#### Answer

It would take 2.4 seconds to absorb the same amount of energy.

#### Work Step by Step

$U = I~A~t$
$U$ is energy
$I$ is intensity
$A$ is the area
$t$ is the time
Let $P$ be the power of the source. Let $I_1$ be the intensity when the panel is a distance of 1.00 AU from the source.
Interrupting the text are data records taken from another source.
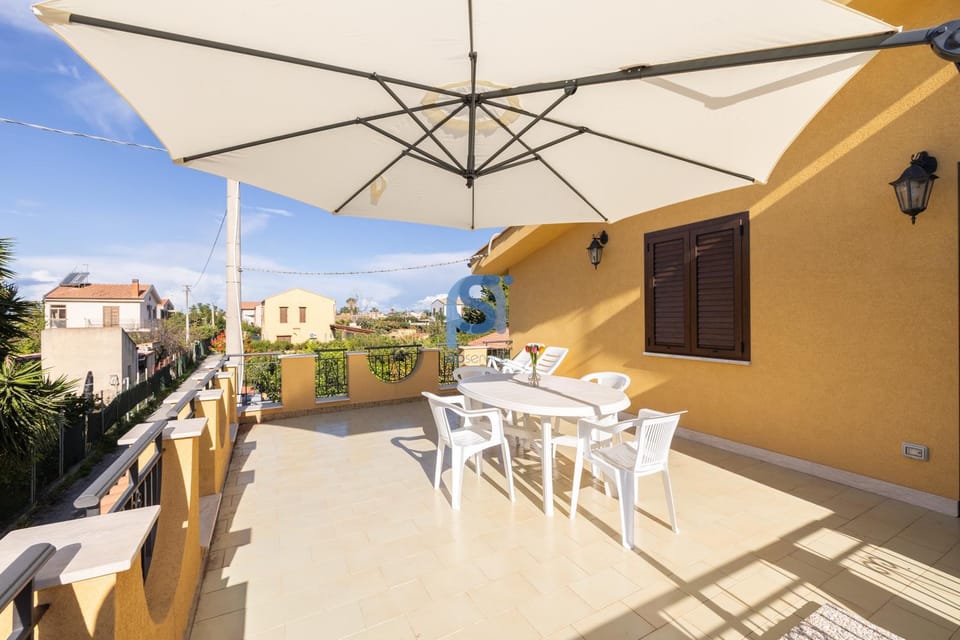 Property building, Balcony/Terrace, furniture
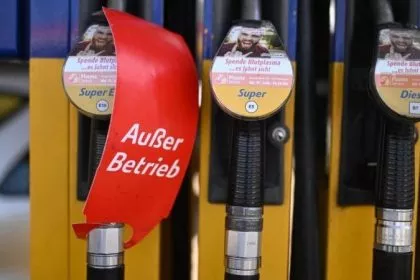 Tankrabatt und Niedrigwasser: Ersten Tankstellen geht der Sprit aus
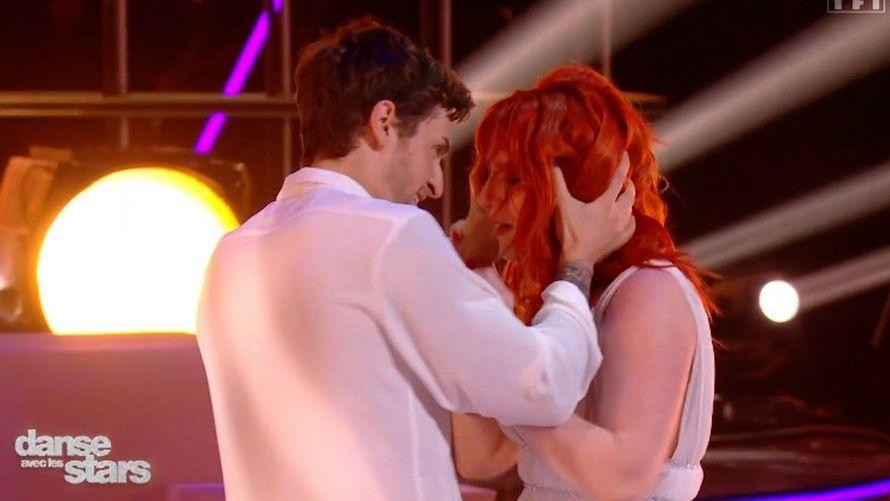 "Danse avec les stars" : Adeline Toniutti évoque son ex violent à travers sa prestation, tout le plateau en larmes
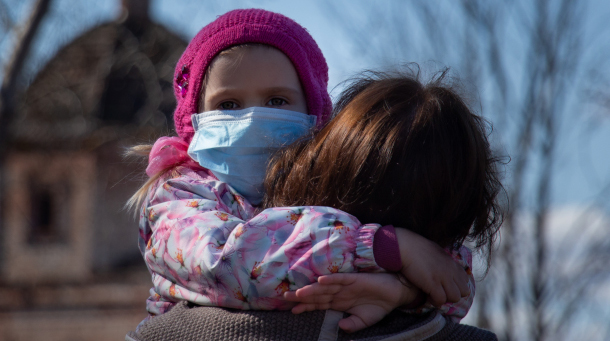 Situação epidemiológica nas escolas agrava se sem que o governo altere estratégia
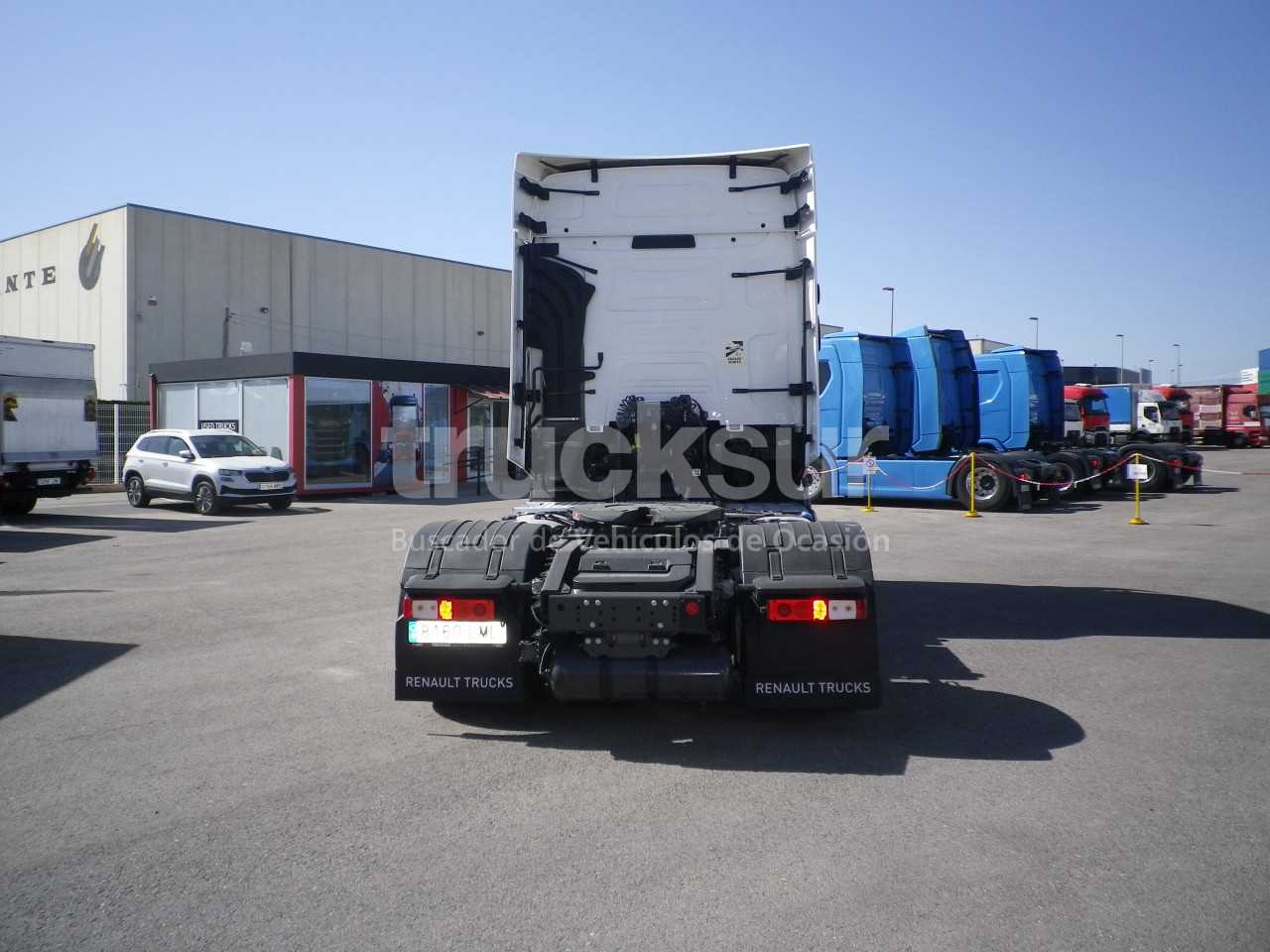 renault-t520-high-sleeper-cab-54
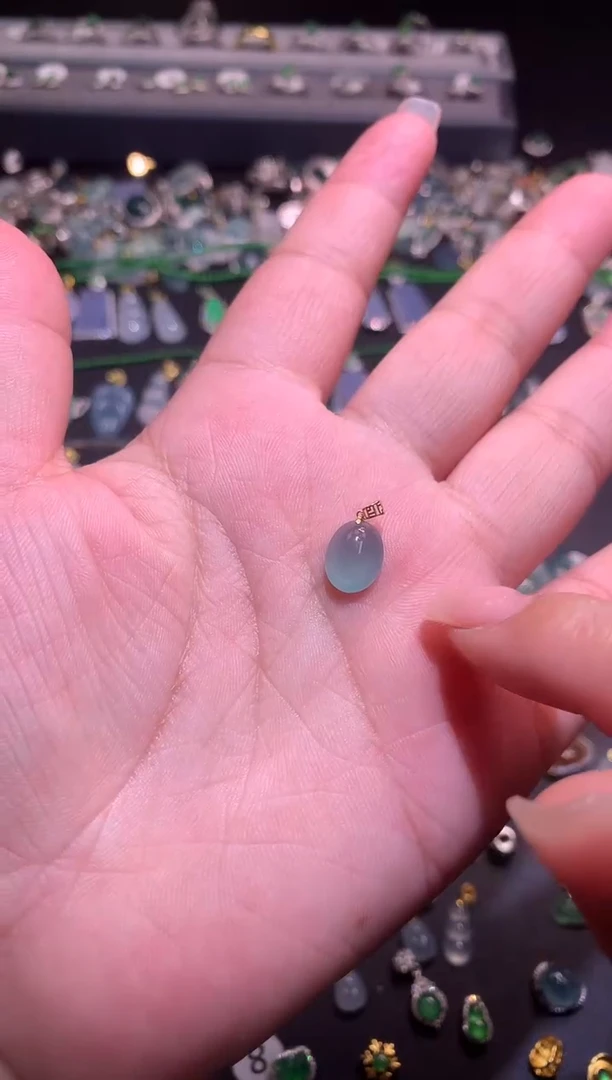 【闪购商品】翡翠颈饰18K金镶嵌111111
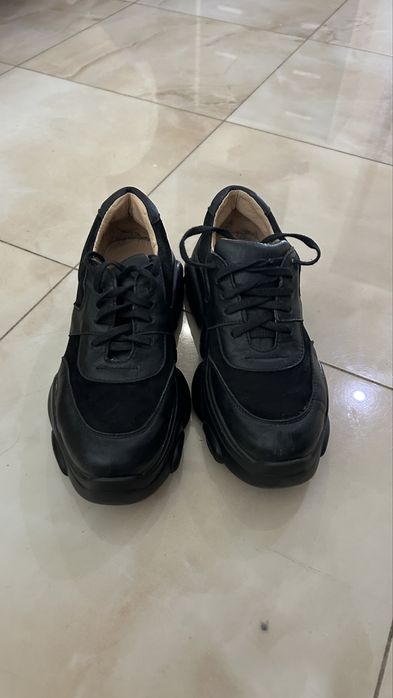 Масивні шкіряні кросівки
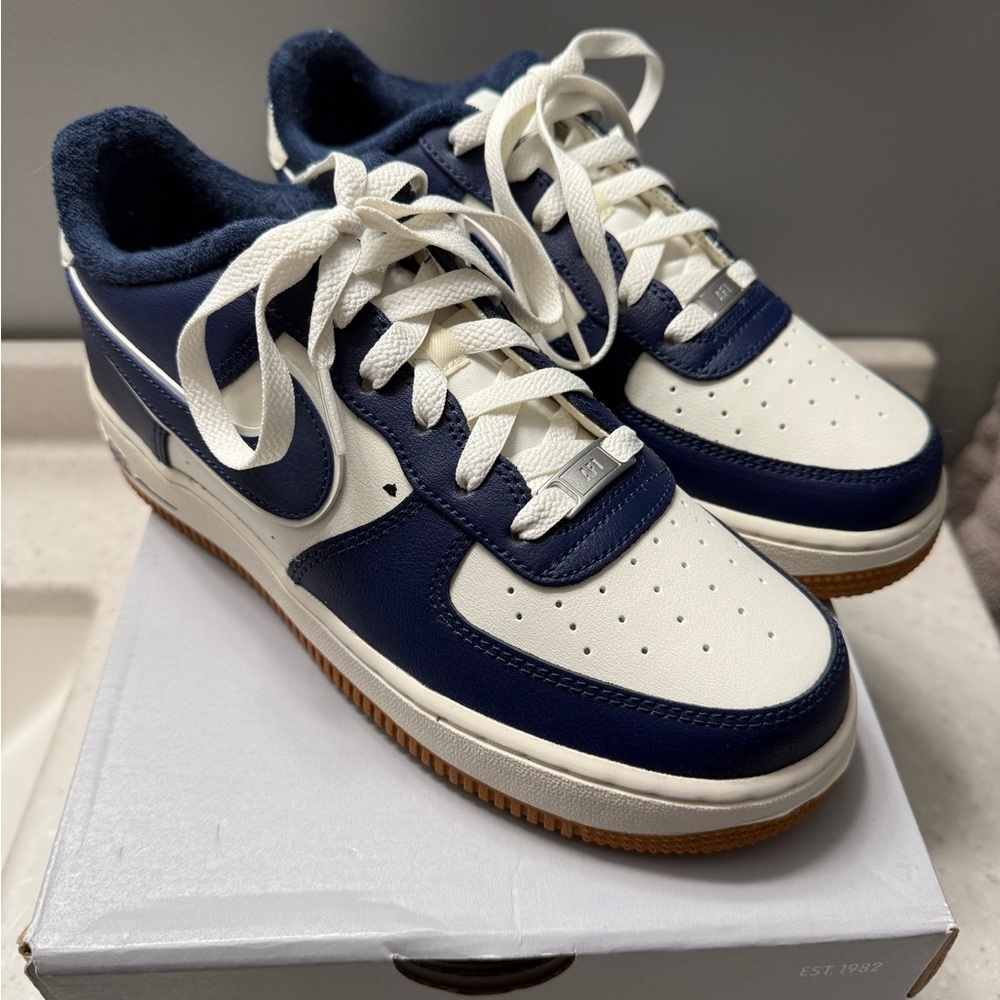 Nike AF1 LV8 (GS) Navy & Sail  size 6 Youth.  NIB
We can find an expression for $I_1$:
$I_1 = \frac{P}{4\pi (1.00~AU)^2}$
$I_1 = 0.07958~P$
We can find an expression for $I_2$:
$I_2 = \frac{P}{4\pi (1.55~AU)^2}$
$I_2 = 0.03312~P$
We can write an expression for the energy collected by the first panel:
$U = I_1~A~t_1$
We can write an expression for the energy collected by the second panel:
$U = I_2~A~t_2$
Since the energy should be equal, we can equate the two expressions to find $t_2$:
$I_2~A~t_2 = I_1~A~t_1$
$t_2 = \frac{I_1~t_1}{I_2}$
$t_2 = \frac{(0.07958~P)(1~s)}{0.03312~P}$
$t_2 = 2.4~s$
It would take 2.4 seconds to absorb the same amount of energy.